▶ [Task goal]:
All the data should be printed again exactly as written.

▶ [Data excerpt]:
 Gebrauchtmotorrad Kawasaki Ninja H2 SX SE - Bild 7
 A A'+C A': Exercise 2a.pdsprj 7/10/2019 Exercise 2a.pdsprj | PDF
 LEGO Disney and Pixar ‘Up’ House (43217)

▶ [Answer to the exercise]:
 Gebrauchtmotorrad Kawasaki Ninja H2 SX SE - Bild 7
 A A'+C A': Exercise 2a.pdsprj 7/10/2019 Exercise 2a.pdsprj | PDF
 LEGO Disney and Pixar ‘Up’ House (43217)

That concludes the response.